Some companies, such as Green Prosa, a waste-to-fertiliser company in Banyumas, Central Java, work with local environmental agencies to source food waste supplies. 


According to the firm’s founder Arky Gilang Wahab, the Banyumas Regency’s Environmental Agency sorts and processes food waste from dumpsites into pulp, and delivers it to Green Prosa’s maggot-based waste processing facilities around Banyumas.


Established in 2018, Green Prosa has processed 6,838.1 tons of organic waste and produced 1,032 tons of BSF maggots, based on the company’s data as of May 2023.

Sorting food waste as a paid service


While there is no lack of food waste, most Indonesians do not have the habit of sorting out their waste, says Oktamalandi. 


“BSF can only decompose soft waste like food waste from kitchens and the waste should be cleaned and sorted out first. It needs collaboration from all parties to optimise ways to secure waste supply,” he says.


Kebun Kumara, a social ecopreneurship that promotes permaculture in Jakarta, has been running “Kompos Kolektif” (Collective Compost), a social media campaign to encourage the public to sort their household waste. 


Customers who want Kompos Kolektif to pick up their food waste pay a monthly subscription of IDR 100,000 (USD 6.5). The garbage is transported subsequently to Magalarva, a waste management company in Serpong, in Banten Province, to be processed using BSF technology.

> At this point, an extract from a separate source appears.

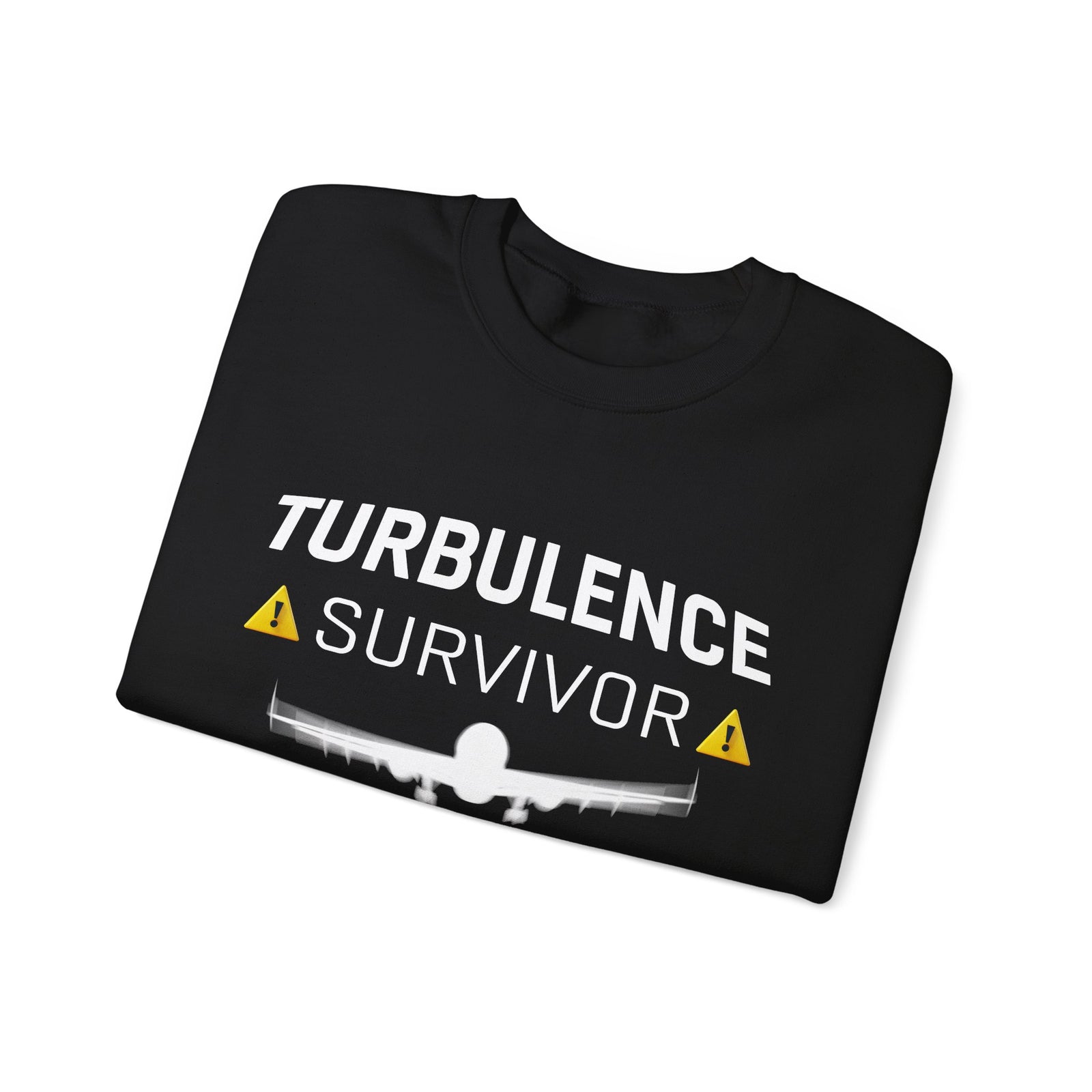 Turbulence survivor - Crewneck Sweatshirt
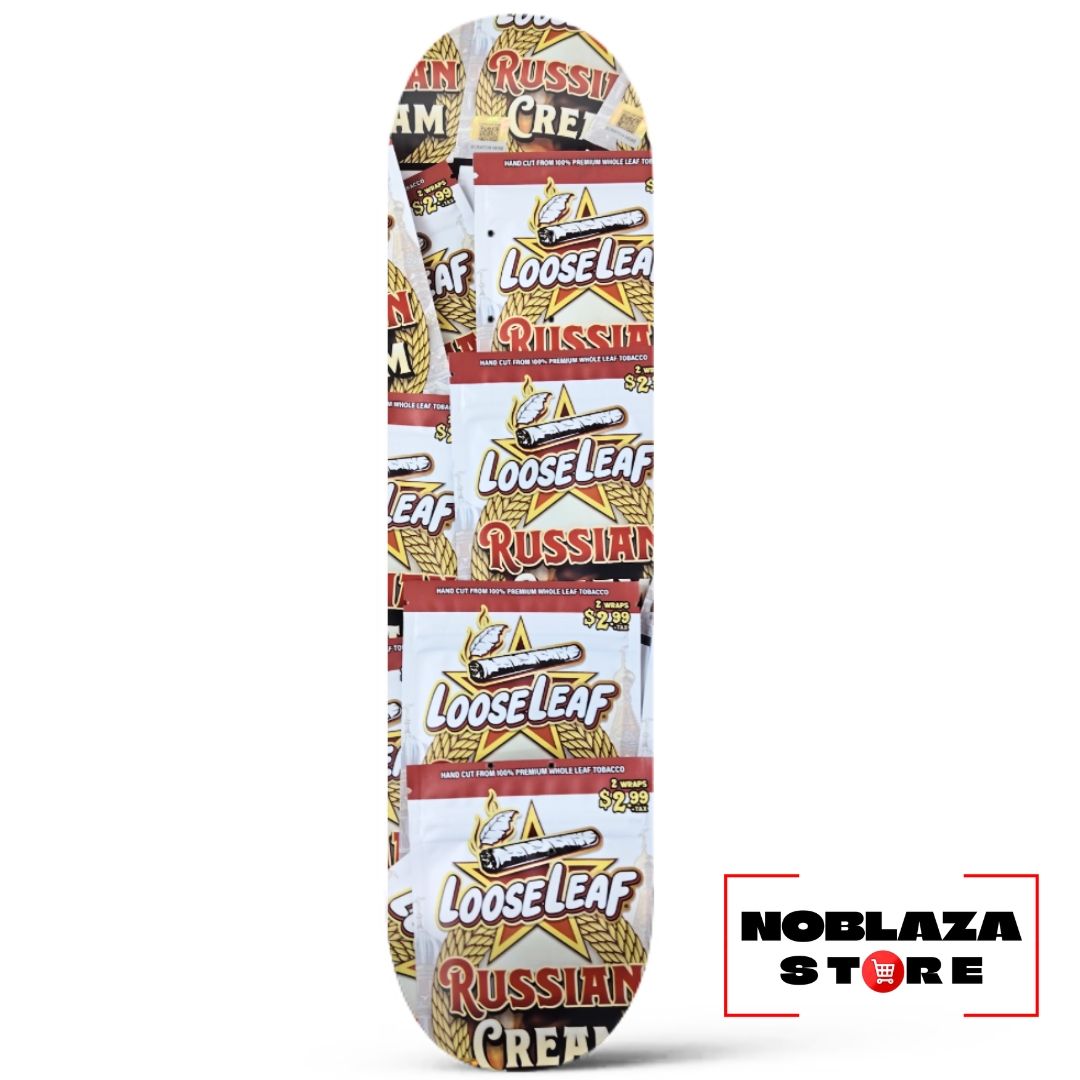  Looseleaf Russian Cream packs (x2), imported from the United States exclusively for Europe and available in a limited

Siti Alia Ramadhani from Kebun Kumara says while some people withdraw from the service after finding out the cost, Kompos Kolektif has seen its customer base grow since its 2020 launch; it now collects 6,000 to 7,000 kilograms of food waste from 250 homes, up from just a dozen kilograms of food waste from 30 to 40 homes at the start.

Connecting the dots

Arky Gilang Wahab (centre), the founder of the waste-to-fertiliser company Green Prosa, speaks with partners about using black soldier fly larvae to decompose food waste at the company's plant in Banyumas, Central Java. Image: Green Prosa

The Indonesia government is aware of the challenges in expanding the waste management market and plans to build a comprehensive network for it.


Novrizal says he is approaching sources of organic waste, such as associations, to connect them with waste-to-fertiliser companies that process the waste, and with animal feed or fertiliser companies as potential buyers of BSF products. 


“The maggot producers cannot expand if [waste producers] don’t try to sort their waste and keep dumping them in landfills,” Norvizal says, adding that the Ministry is trying to sign a Memorandum of Understanding between various industry players. 


“On the other hand, it is also a problem if BSF by-products can’t be sold.” 


Green Prosa’s Arky says his company can only generate revenue from selling the maggots to animal feed companies, but it cannot sell the organic fertiliser because it needs a special permit from the Agriculture Ministry. 


“So we just distribute the fertiliser for free to farmers or they only pay the packaging fee,” says Arky.